Content starts

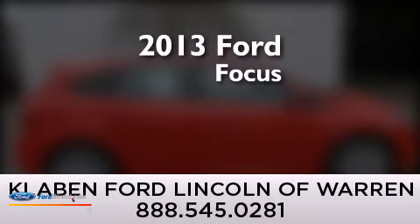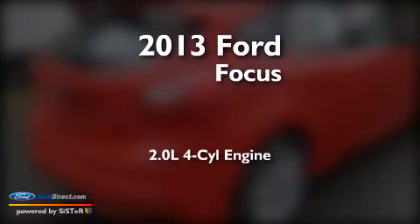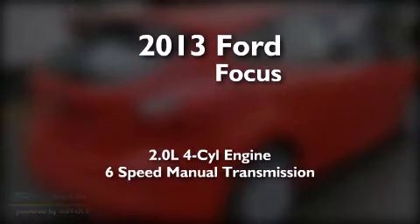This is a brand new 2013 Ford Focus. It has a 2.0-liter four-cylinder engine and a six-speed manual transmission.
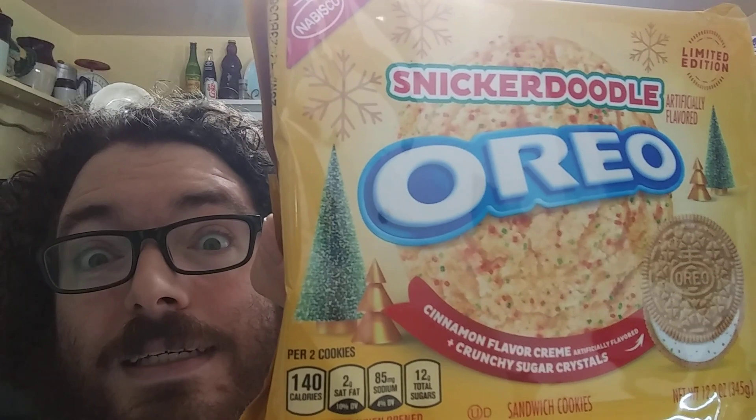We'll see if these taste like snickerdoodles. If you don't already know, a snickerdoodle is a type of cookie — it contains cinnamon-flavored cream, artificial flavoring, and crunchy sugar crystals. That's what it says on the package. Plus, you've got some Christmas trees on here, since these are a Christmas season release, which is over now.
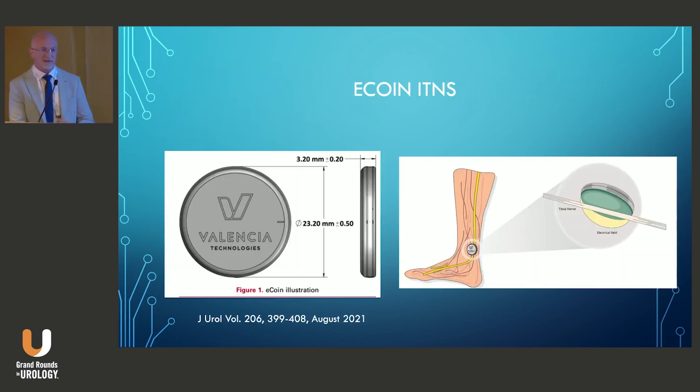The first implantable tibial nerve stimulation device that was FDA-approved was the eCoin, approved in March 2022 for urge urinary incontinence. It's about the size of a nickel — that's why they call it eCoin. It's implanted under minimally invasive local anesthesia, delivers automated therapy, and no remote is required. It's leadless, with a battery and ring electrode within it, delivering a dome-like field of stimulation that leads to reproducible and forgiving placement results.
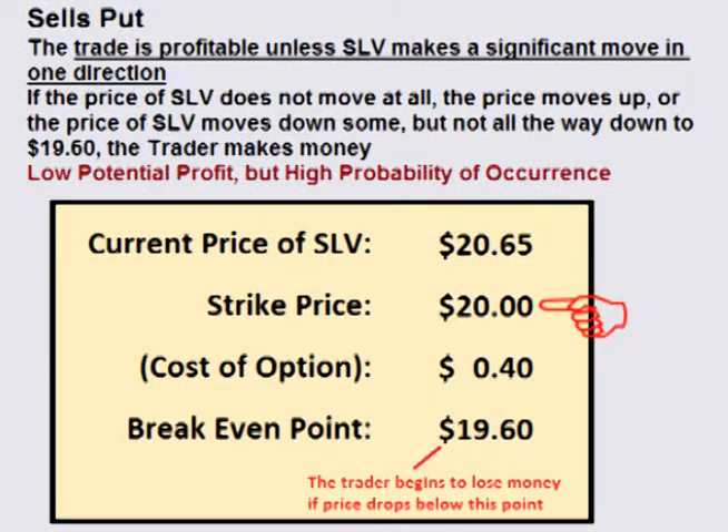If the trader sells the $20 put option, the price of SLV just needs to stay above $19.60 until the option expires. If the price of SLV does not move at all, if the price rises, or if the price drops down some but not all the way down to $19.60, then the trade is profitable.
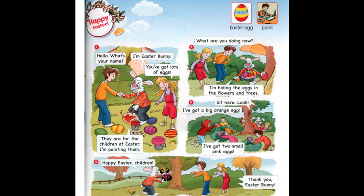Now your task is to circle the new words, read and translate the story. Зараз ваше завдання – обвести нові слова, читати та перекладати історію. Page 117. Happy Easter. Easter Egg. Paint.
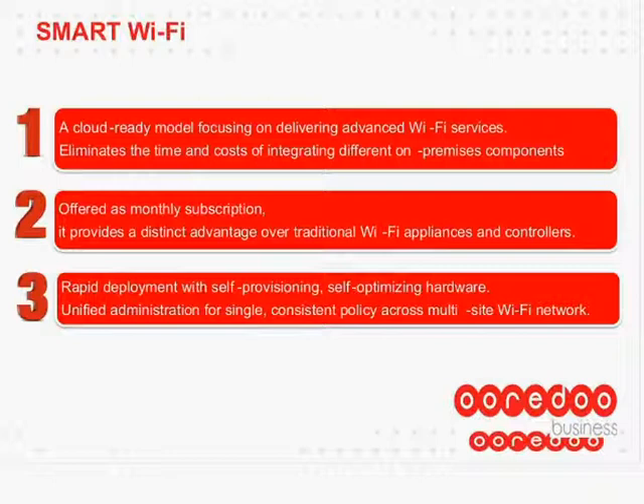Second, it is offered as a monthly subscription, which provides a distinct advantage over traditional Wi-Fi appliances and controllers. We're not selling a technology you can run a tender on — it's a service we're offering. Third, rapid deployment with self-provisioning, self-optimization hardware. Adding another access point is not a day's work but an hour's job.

Content ends

* _Assigned task_: Output the records exactly as they appear, skipping any pictures.

* _Answer to the problem_:
This is a brand new 2013 Ford Focus. It has a 2.0-liter four-cylinder engine and a six-speed manual transmission.
We'll see if these taste like snickerdoodles. If you don't already know, a snickerdoodle is a type of cookie — it contains cinnamon-flavored cream, artificial flavoring, and crunchy sugar crystals. That's what it says on the package. Plus, you've got some Christmas trees on here, since these are a Christmas season release, which is over now.
The first implantable tibial nerve stimulation device that was FDA-approved was the eCoin, approved in March 2022 for urge urinary incontinence. It's about the size of a nickel — that's why they call it eCoin. It's implanted under minimally invasive local anesthesia, delivers automated therapy, and no remote is required. It's leadless, with a battery and ring electrode within it, delivering a dome-like field of stimulation that leads to reproducible and forgiving placement results.
If the trader sells the $20 put option, the price of SLV just needs to stay above $19.60 until the option expires. If the price of SLV does not move at all, if the price rises, or if the price drops down some but not all the way down to $19.60, then the trade is profitable.
Now your task is to circle the new words, read and translate the story. Зараз ваше завдання – обвести нові слова, читати та перекладати історію. Page 117. Happy Easter. Easter Egg. Paint.
Second, it is offered as a monthly subscription, which provides a distinct advantage over traditional Wi-Fi appliances and controllers. We're not selling a technology you can run a tender on — it's a service we're offering. Third, rapid deployment with self-provisioning, self-optimization hardware. Adding another access point is not a day's work but an hour's job.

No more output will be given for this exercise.